G. Merkely (Boston, US)

Brigham Women's Hospital, Harvard Medical School Department of Sport Medicine

Presenter Of 4 Presentations

Podium Presentation Others

10.1.1 - Hypertension Increases Graft Failure Rate After Autologous Chondrocyte Implantation

Presentation Number
10.1.1
Presentation Topic
Others
Lecture Time
13:30 - 13:39
Session Type
Free Papers
Corresponding Author
Disclosure
No Significant Commercial Relationship

Abstract

Purpose

Hypertension is the 3rd leading cause of disability worldwide, and a potential link between osteoarthritis and hypertension has been recently revealed. However, its effect on cartilage restoration is yet to be determined. Our aim was to examine whether patients with diagnosed hypertension have an increased risk of graft failure following cartilage repair with either autologous chondrocyte implantation (ACI) or osteochondral allograft transplantation (OCA).

Methods and Materials

Patients that underwent ACI or OCA transplantation between February 2009 and December 2016 by a single surgeon were included in this study. Inclusion criteria comprised: (1) patients with at least 2-years follow-up; (2) availability of information related to the living habits, including smoking; (3) availability of information related to the presence of hypertension, diabetes mellitus or hyperlipidemia. To identify potential independent risk factors of graft failure, univariate analysis was utilized and those factors which showed significance at a level of p<0.1 were entered in multivariant logistic regression models.

Results

Three-hundred and sixty-eight patients (209 ACI, 159 OCA) were included in our study.
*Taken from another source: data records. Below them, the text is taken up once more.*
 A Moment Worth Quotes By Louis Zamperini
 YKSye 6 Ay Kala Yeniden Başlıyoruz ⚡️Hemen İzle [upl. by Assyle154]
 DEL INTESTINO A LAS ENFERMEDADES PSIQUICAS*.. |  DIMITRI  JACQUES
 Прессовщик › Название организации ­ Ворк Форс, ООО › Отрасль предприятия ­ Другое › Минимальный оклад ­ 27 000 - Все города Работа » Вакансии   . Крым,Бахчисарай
In the ACI group univariate screening identified older age (p=0.022), female gender (p=0.072), larger defect size (p=0.016), higher prevalence of hypertension (16.4% vs 4.1%; p=0.007) and smoking (21.3% vs 10.1%; p=0.046) as a predictor of graft failure. Following, multivariate logistic regression analysis revealed female gender (OR 1.02, p=0.048), defect size (OR 1.07, p=0.035) and hypertension (OR 3.73, p=0.023) as significant independent risk factors predicting graft failure after ACI. In the OCA group, baseline demographics and clinical characteristics were similar between the failure and successful group, and none of the included factors demonstrated to be a potential risk factor for graft failure.

Conclusion

Hypertension seems to be an independent predictor of graft failure after ACI but not after OCA transplantation. Consequently, OCA transplantation might be preferred for the treatment of symptomatic cartilage defects if patients present with hypertension.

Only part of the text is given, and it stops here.